Given this situation, there would be two possible scenarios: one would be that both species, which would have different food sources, share the same habitat, while the other, in the event of feeding on the same, would mean that one of the two species would end up displacing or extincting the other species. other.

Publications and commemorations

The high point in Ernst Mayr's life was the period between 1963 and 1970, when he was working in Comparative Zoology at Harvard University. In this years he published several books on species, evolution and population genetics.

Among his most important books we find "Systematics and the Origin of Species" (1942), in which he combines genetic Darwinism, clarifying what was what the English naturalist could not demonstrate due to the technological limitations of his time, mainly the process of how the species.

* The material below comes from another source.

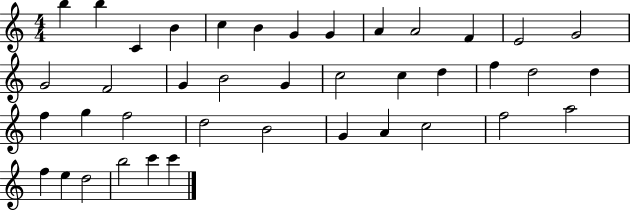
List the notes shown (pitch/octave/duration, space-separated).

B5/q B5/q C4/q B4/q C5/q B4/q G4/q G4/q A4/q A4/h F4/q E4/h G4/h G4/h F4/h G4/q B4/h G4/q C5/h C5/q D5/q F5/q D5/h D5/q F5/q G5/q F5/h D5/h B4/h G4/q A4/q C5/h F5/h A5/h F5/q E5/q D5/h B5/h C6/q C6/q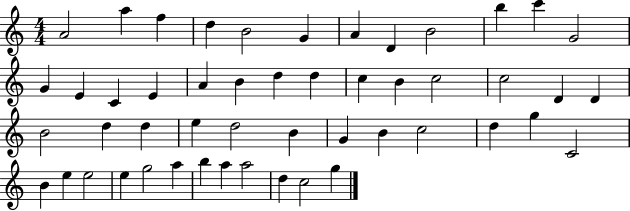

Other of his most important works are:

  • "Animal Species and Evolution" (1963)
  • "Principles of Systematic Zoology" (1980)
  • "Growth of Biological Thought" (1982)
  • "This Is Biology" (1997)

Throughout his entire career he came to publish some 750 scientific articles and received several honorary degrees from prestigious universities such as Oxford, Cambridge, Harvard, The Sorbonne, Uppsala, and Berlin.

Bibliographic references:

  • Mayr, Ernst (1942). Systematics and the Origin of Species, from the Viewpoint of a Zoologist. Cambridge: Harvard University Press. ISBN 978-0-674-86250-0.
  • Mayr, Ernst (1945). Birds of the Southwest Pacific: A Field Guide to the Birds of the Area Between Samoa, New Caledonia, and Micronesia. New York: Macmillan.
  • Mayr, Ernst (1963). Animal Species and Evolution. Cambridge: Belknap Press of Harvard University Press. ISBN 978-0-674-03750-2.
  • Mayr, Ernst (1970). Populations, Species, and Evolution. Cambridge: Belknap Press of Harvard University Press. ISBN 978-0-674-69013-4.
  • Mayr, Ernst (1976). Evolution and the Diversity of Life. Cambridge: Belknap Press of Harvard University Press. ISBN 978-0-674-27105-0.
  • Mayr, Ernst. & William B. Provine, (eds) (1980). The Evolutionary Synthesis: Perspectives on the Unification of Biology, ISBN 0-674-27225-0
  • Mayr, Ernst (1982). The Growth of Biological Thought. Cambridge (Mass.): Belknap P. of Harvard U.P. ISBN 978-0-674-36446-2.